Voice Shield · kNN-VC HiFi-GAN
Speaker anonymization checkpoint used by the Voice Shield panel in MAESTRO's AI Workstation (Tools → Voice Shield → Anonymize tab).
What this is
The prematched HiFi-GAN generator from
bshall/knn-vc, repackaged as a
single .safetensors file. Trained to vocode 1024-dim WavLM-Large layer-6
features back to 16 kHz audio. Pairs with microsoft/wavlm-large (used
upstream from the HuggingFace Hub directly — no need for a separate mirror).
- Architecture: HiFi-GAN with a
lin_preLinear(1024→512) prefix - Parameters: ~16.5 M
- Input: WavLM-Large layer-6 hidden states
[B, T, 1024] - Output: 16 kHz waveform
[B, samples](320× upsample) - License: BSD-3-Clause (original kNN-VC license preserved)

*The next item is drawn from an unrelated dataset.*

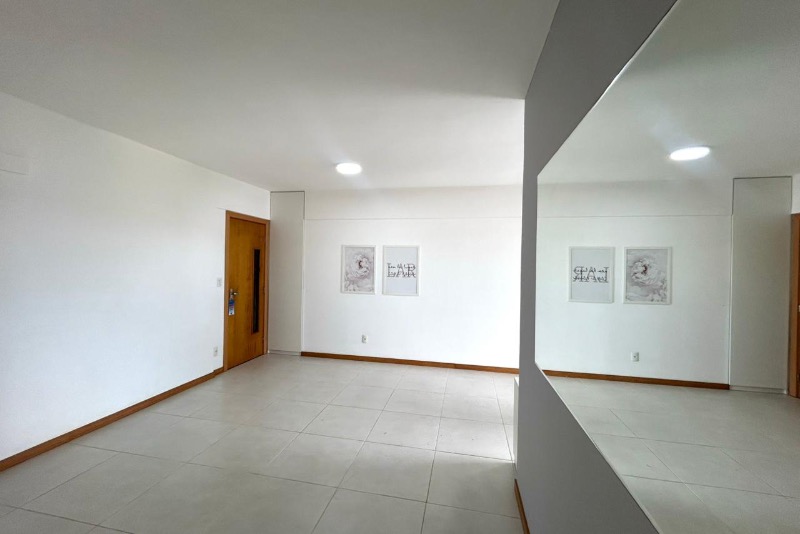 Apartamento, 2 quartos, 80 m² - Foto 20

What it's used for in MAESTRO
The Voice Shield panel offers voice-cloning protection with three threat models. The Anonymize tab uses this checkpoint to transform a user's voice into a different synthetic speaker via the kNN-VC pipeline:
- Extract WavLM-Large layer-6 features from the user's voice.
- For each frame, find the k=4 nearest matches in a "target speaker" feature pool and average them.
- Vocode the matched features back to audio with this HiFi-GAN.
The output sounds like the target speaker — so any voice-cloning model trained on the output learns the target's identity, not the user's. This is the only voice-protection paradigm currently robust against adversarial-perturbation strippers like LightShed.
Loading
from huggingface_hub import hf_hub_download
from safetensors.torch import load_file
path = hf_hub_download(repo_id="AEmotionStudio/voiceshield-targets",
filename="hifigan_knnvc.safetensors")
state = load_file(path)
# state-dict keys match the bshall prematch_g_02500000.pt schema.
MAESTRO loads this through the vendor module at
backend/ai/voiceshield/knn_vc_vendor/hifigan.py.
Credits
- Original kNN-VC: Matthew Baas, Benjamin van Niekerk, Herman Kamper — "Voice Conversion With Just Nearest Neighbors", Interspeech 2023. Code: https://github.com/bshall/knn-vc.
- WavLM-Large: Microsoft (https://huggingface.co/microsoft/wavlm-large).
Honest framing
Anonymization is a one-way transform. The original speaker identity is unrecoverable from the output — that's the point, and the trade-off the user opts into.